I especially like Jude’s attitude to desserts and baking, as she recognises the important role that sweet things – made with whole, nutritious ingredients – have in our lives. Where would birthdays or celebrations be without a beautiful cake to share? Or winter nights without an apple crumble to warm us on the inside.
There is a lot of sweet crap out there that uses bleached, processed flours, refined white sugar (or worse, artificial sweeteners) and damaged oils – i.e. anything in a packet – and these should be avoided as much as possible, as they are damaging to our health. But if you’re wiling to cook for yourself and purchase quality, whole ingredients then sweet foods can be a pleasurable part of any healthy diet.
This is the first cake I’ve made from Wholefood Baking. It doesn’t rise a great deal but the combinations of flavours are heavenly, and no one will suspect that this is a gluten-free, dairy-free cake full of health.
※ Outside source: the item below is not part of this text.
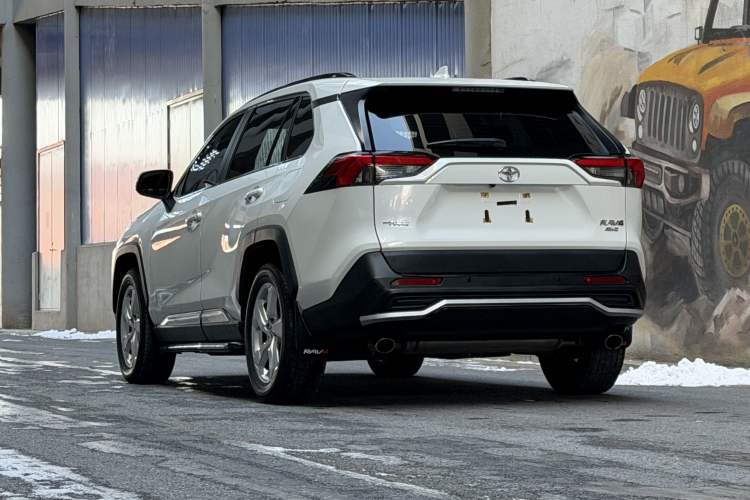 Used Toyota RAV4 2020 2.0L CVT Two-Wheel Drive Fashion Edition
Carrot, pistachio and amaranth cake
¾ cup rapadura sugar
3 eggs, at room temperature
½ cup amaranth flour
¼ tsp baking powder
finely grated zest of 2 oranges
½ tsp ground cardamom
100g lightly roasted pistachios, ground neither too fine nor too coarse*, plus an extra handful left whole to sprinkle on top
180g finely grated carrot (about 1 large carrot)
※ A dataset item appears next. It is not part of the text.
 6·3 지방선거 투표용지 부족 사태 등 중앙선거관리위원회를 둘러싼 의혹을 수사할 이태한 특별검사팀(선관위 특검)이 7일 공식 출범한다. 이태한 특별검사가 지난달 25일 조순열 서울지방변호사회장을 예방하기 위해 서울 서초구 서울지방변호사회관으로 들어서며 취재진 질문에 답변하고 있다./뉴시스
⅓ cup (80ml) macadamia nut oil
- preheat the oven to 180°C/350°F
- line the base and sides of an 18cm springform cake tin with baking paper
- beat the sugar and eggs with an electric beater until thick and creamy and tripled in volume. It will resemble meringue, in that it is glossy and aerated but I found I couldn’t get it to stand stiff like meringue does. It will take 5 or so minutes to achieve this consistency
- place the amaranth flour, baking powder, orange zest, cardamom and ground pistachios into a large mixing bowl, and mix well
- add the carrot and use your fingers to very lightly mix it with the dried flour mix
- add the oil and again use your fingers to gently distribute it
- add half the beaten egg mix to the flour mix and very gently fold through, doing your best to make sure the carrot is evenly distributed without over-folding the egg mixture and collapsing the air
- add the remaining egg mixture and fold through gently with a light, long sweeping movement. Pour the mix into the prepared cake tin
- bake for 50-60 minutes, or until the cake feels firm and set in the middle and sides when you touch it
- when cooked, turn off the oven, open the door and leave the cake sitting inside it until the cake is warm to cool, then remove from the oven and completely cool in the tin until moving to a wire rack
- prepare the icing below and smooth it over the top. Roughly chop the extra handful of lightly roasted pistachios and sprinkle over the top of the cake.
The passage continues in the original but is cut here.